In past blogs, I have pointed out that many of the values and ideas I grew up with have been cast aside by contemporary Americans (not to mention Western Europeans.) As a result, alcohol is available every day, everywhere, recreational drugs are coming to legalized in more and more states, sexuality is more openly expressed in its many forms, and marriage, to many, seems to be a dying institution. Our population is stagnant, even declining, in part because sex is now possible without consequences (birth control and abortion), and many women are choosing careers over motherhood. This is also true, where it is possible, over much of the globe. These changes are celebrated by some, (I will call them liberals) and deplored by others (conservatives), but all recognize the validity of what I am pointing out. Either way, this reality is a major source of our deep divisions.
Climate change is another area that divides us. In this case, we are divided over the reality of what is happening, or at least over its cause. The same group that celebrates the changes I mentioned above are most concerned about global warming and its consequences. They also accept what most scientists offer as the cause: too much use of fossil fuels. They also support major governmental action to curb such use. On the other hand, those who deplore the social changes I mentioned above, tend either to downplay global warming, or to suggest that it is a judgment from God for all the social changes they deplore. Either way, for them draconian reforms that might harm the economy are not worth the cost, especially if what we really need to do is to “get right with God”, as most of them see it.
Obviously, included in this point is an overall disagreement about the role of government. Unfortunately, both sides have lately resorted to describing the other in pseudo-historical terms like “Fascism” for those who are conservative, and “Communism” for those who liberal. In truth, neither group has ever been very strong in America, nor are they today. Indeed, I would suggest that it is unhelpful to use either term to describe the behaviors one disapproves of. MTG, whom I deplore, as I have made plain on a number of occasions, does not fit the description of a Fascist and neither does Trump. And even professed socialist Democrats, like Sanders, are not even close to being communists.

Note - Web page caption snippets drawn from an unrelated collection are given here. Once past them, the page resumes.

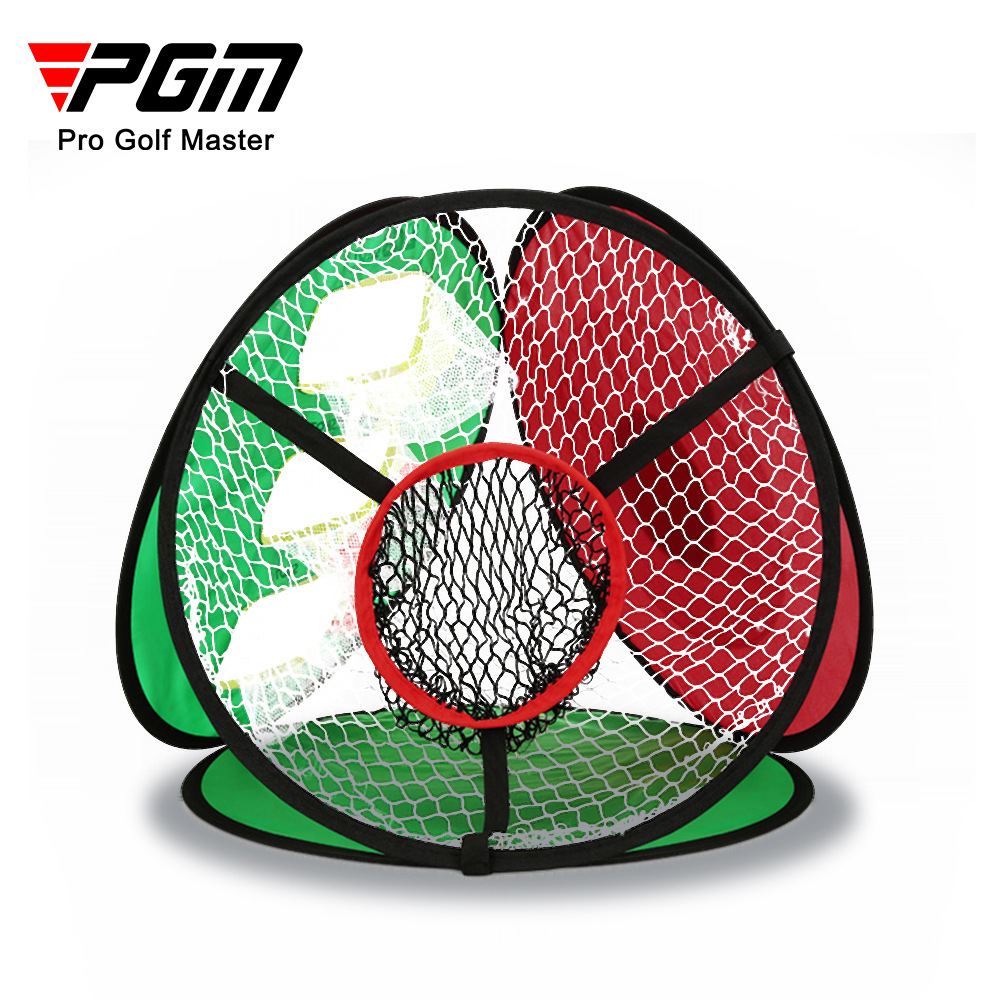 Lưới tập golf đa mặt PGM 4 trong 1 gập gọn trong nhà (kèm 3 bóng tự dính) — LXW021 【Lưới cắt nhiều mặt (gồm 3 quả bóng tự dính) 】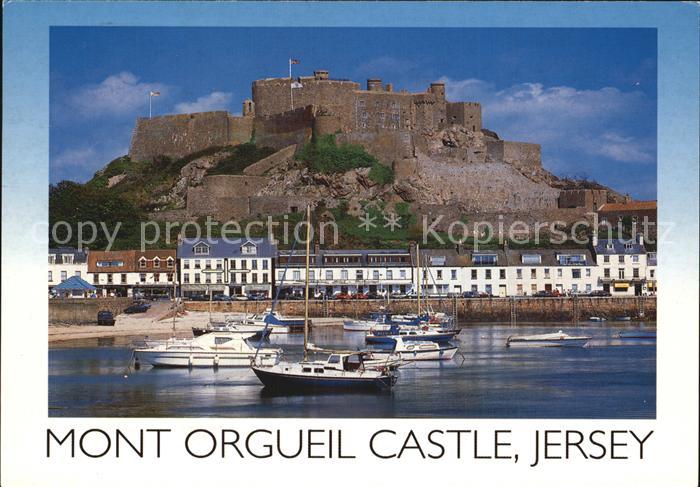 Jersey Kanalinsel Mont Orgueil Castle
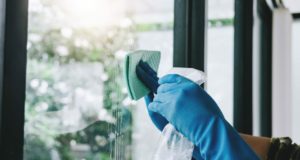 Преимущества профессиональной мойки окон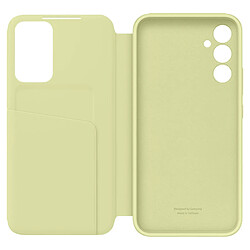 Étui pour Samsung Galaxy A34 5G à Fenêtre Smart View Wallet Case Orginal Vert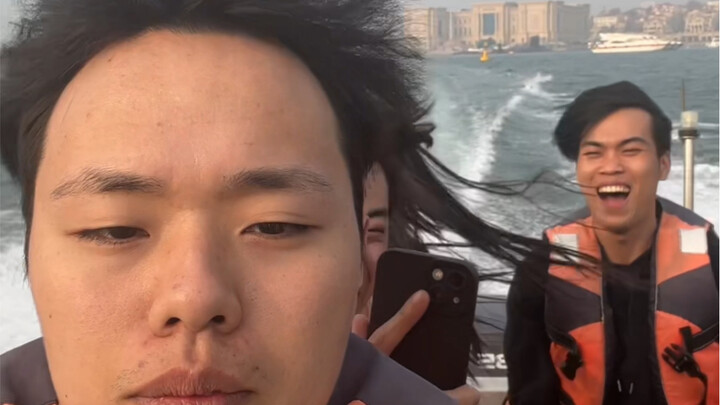 永琪青岛环游记（又出来丢脸了）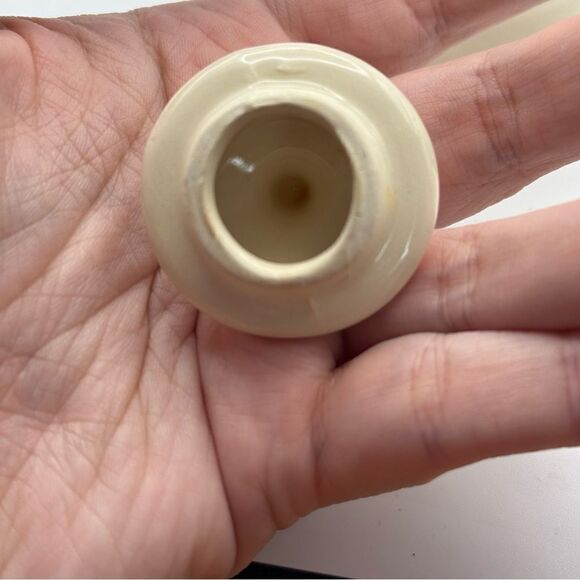 Vintage teddy bear coffee set with stand, missing one cup - Picture 10 of 12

The people who specialize in crazy conspiracy theories like QAnon are not identifiable with any past ideology, and as crazy as their ideas are, they are a contemporary phenomenon made possible by the internet and social media. It is not illuminating of their behavior to call them Fascists.
It is fair to say that, on the conservative side of this divide, there has been a loss of faith in democracy. But to be honest, it was never as strong among those individuals as it was among those to their left. From the earliest days of our republic, there has been those who feared the masses, and as the masses became more non-white, that fear has only increased. So, it is not surprising that the Republican Party in Georgia and around the country spent last year trying to make voting more difficult, and the Democrats to make it more inclusive. But neither group is Fascist or Communist for doing so.

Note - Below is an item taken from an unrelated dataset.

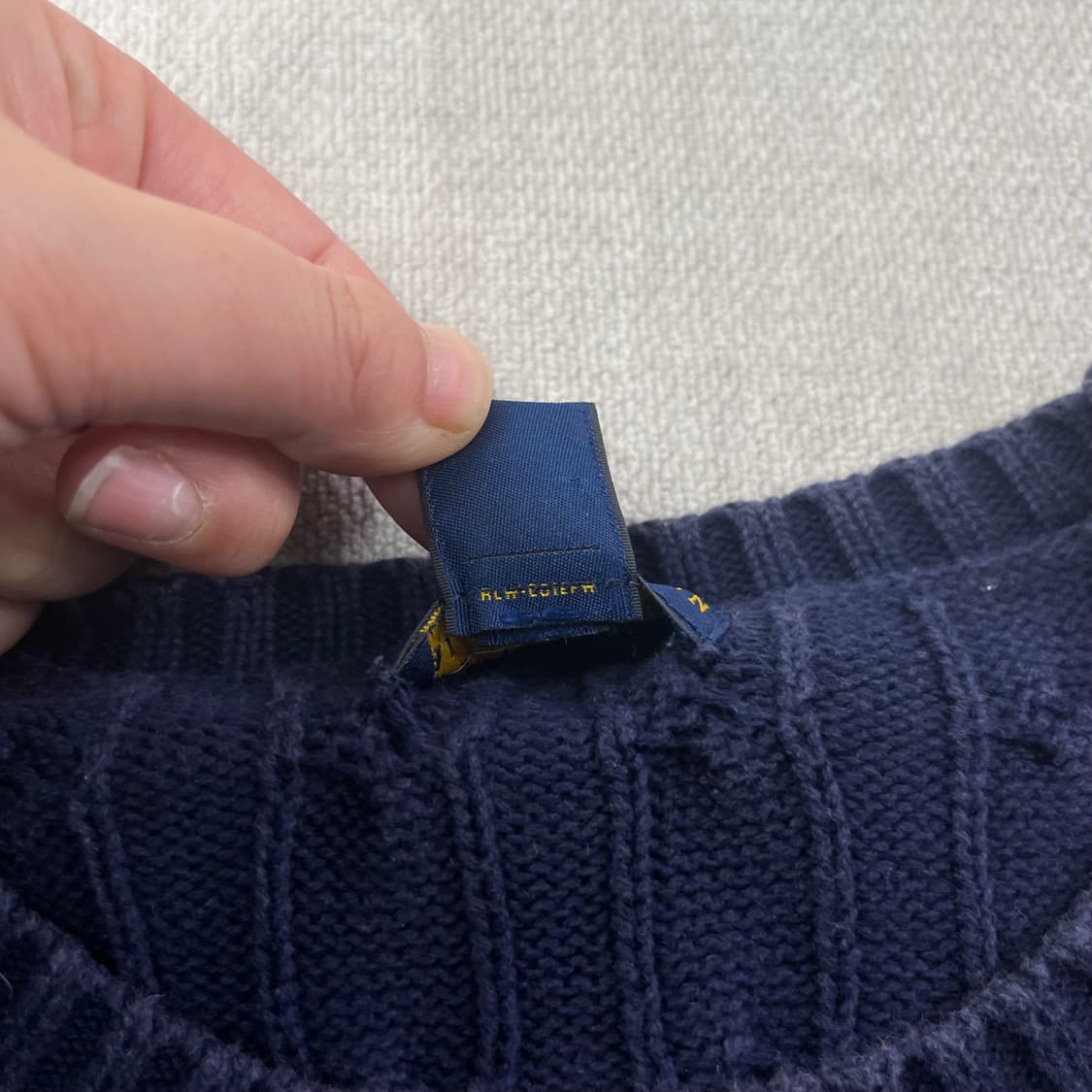 95 폴로랄프로렌 꽈배기 니트 상품이미지4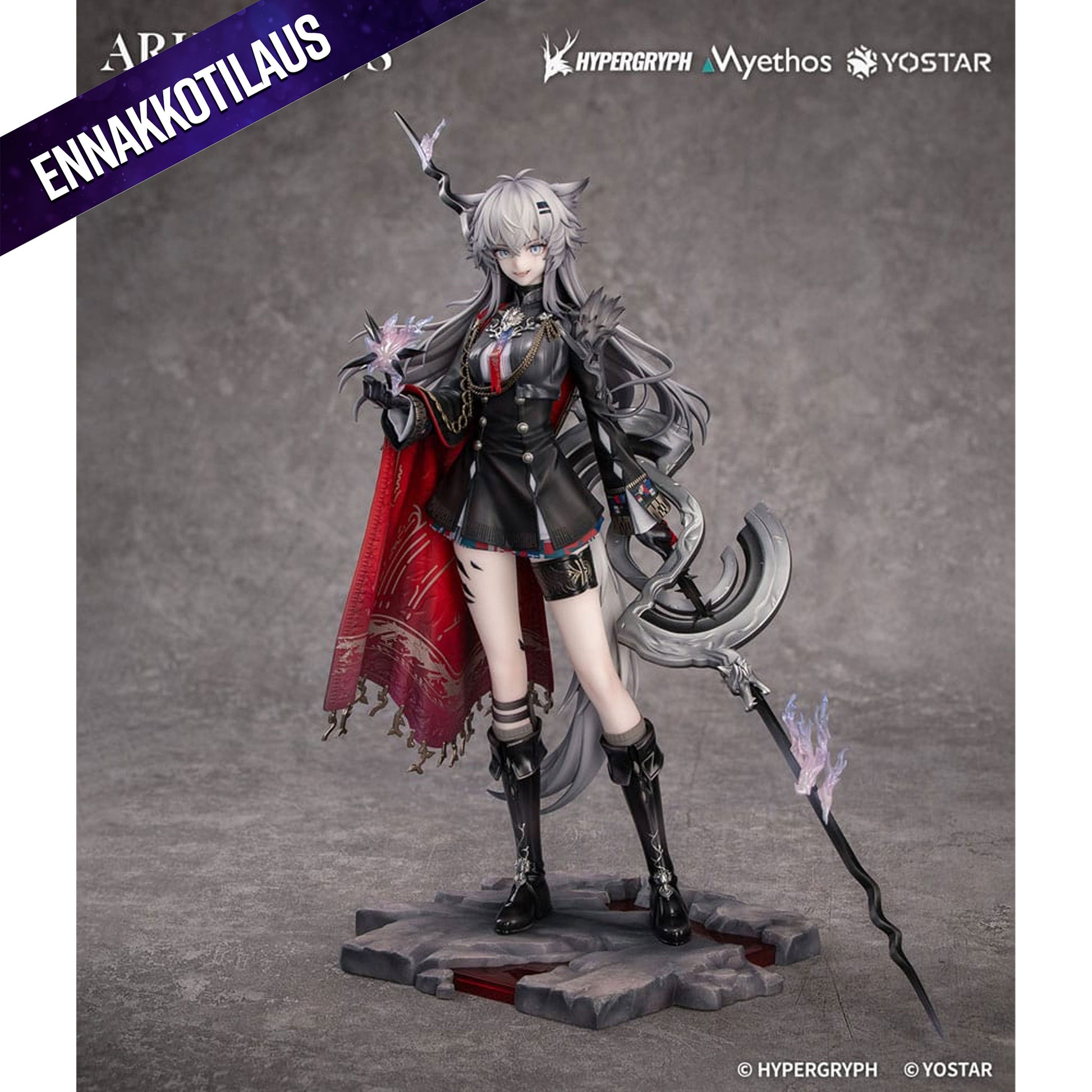 Arknights 1/7 Lappland the Decadenza -Figuuri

I expect I could mention more sources of our social and intellectual divide today, but I think we have enough to work with for what I do want to discuss. Behind our deep divide in America, and much of the world, is a fundamentally different attitude toward the modern world, which has produced all the social changes I have described. Those who approve of allowing gays to marry, or people to have abortions, or mixed racial marriages, tend to be comfortable with the world the way it has been evolving since the seventeenth century. They also tend not to be religiously conservative, if they are religious at all, as are those who oppose the things I mentioned.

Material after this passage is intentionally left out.